## What the task requires
Restate the data below word for word. Skip any images it contains.

## Information provided
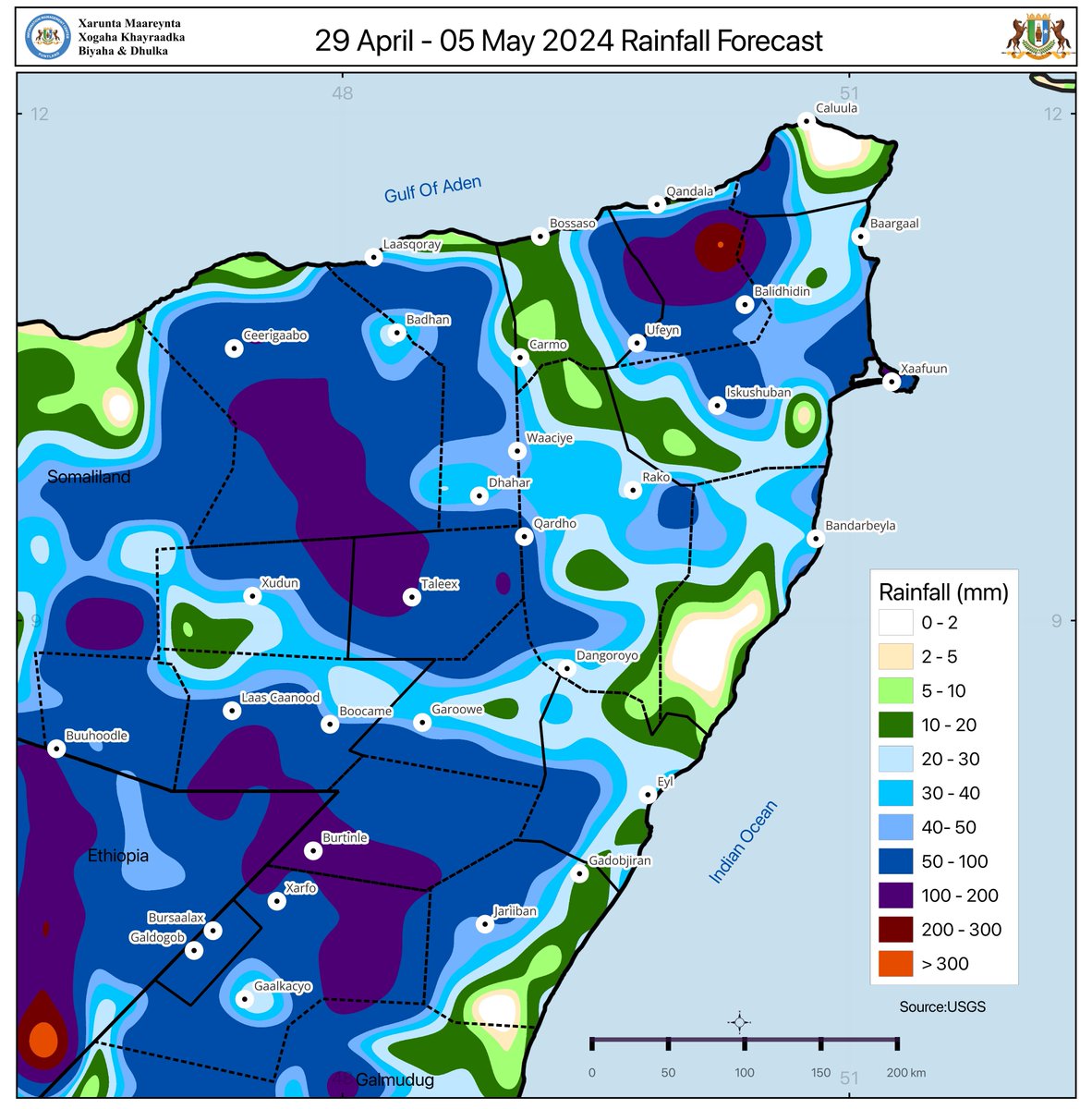 🌧️ Here is Putland's seven-day cumulative rainfall forecast from 29 April - 05 May 2024. #Puntland #Imc_Puntland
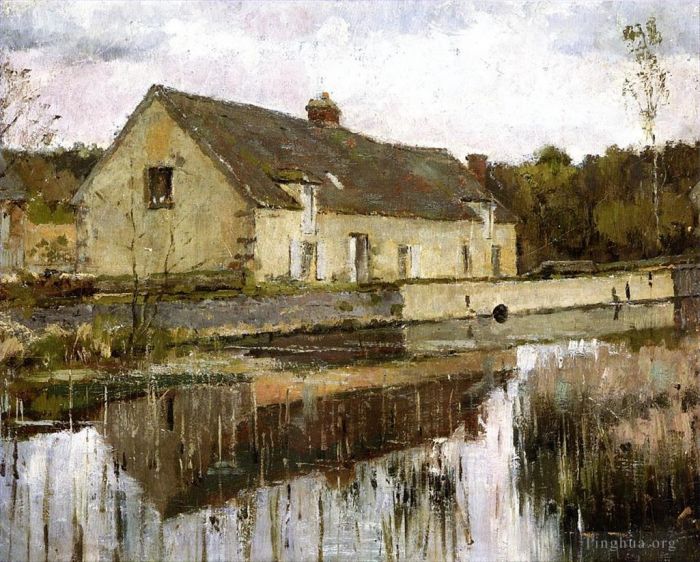 Theodore Robinson Oil Painting - On the Canal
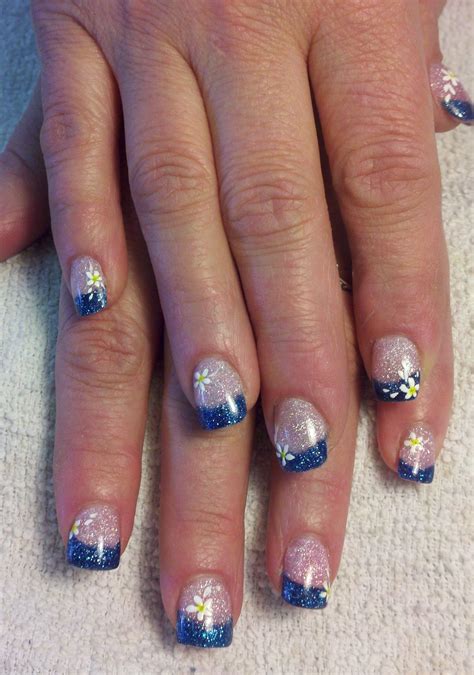 Blue Acrylic With White Flowers Blue Nail Designs Blue Nail Art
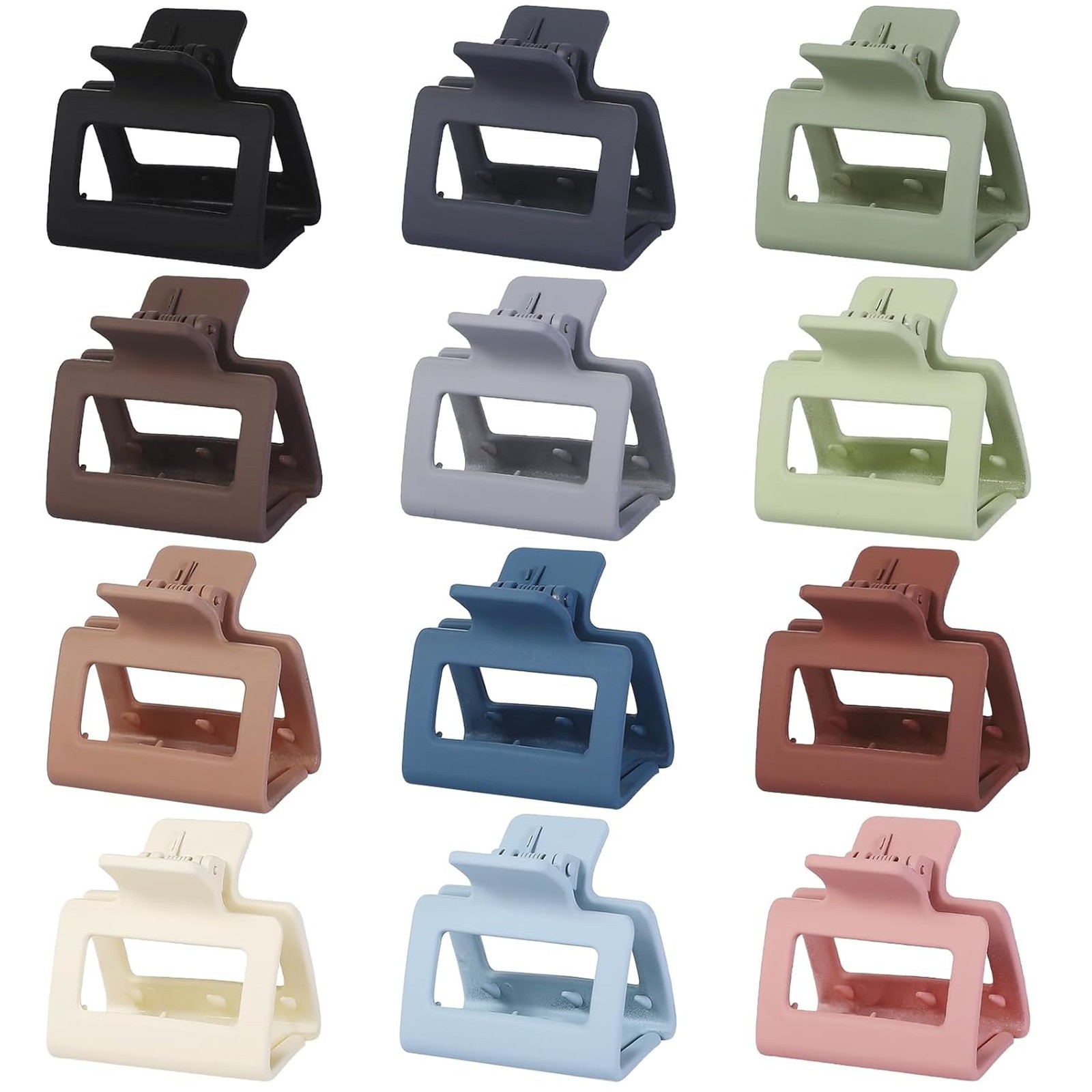2 Inch Hair Claw Clips Mixed Colors Medium Size Acrylic Square Nonslip Hair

## Answer space
 🌧️ Here is Putland's seven-day cumulative rainfall forecast from 29 April - 05 May 2024. #Puntland #Imc_Puntland
 Theodore Robinson Oil Painting - On the Canal
 Blue Acrylic With White Flowers Blue Nail Designs Blue Nail Art
2 Inch Hair Claw Clips Mixed Colors Medium Size Acrylic Square Nonslip Hair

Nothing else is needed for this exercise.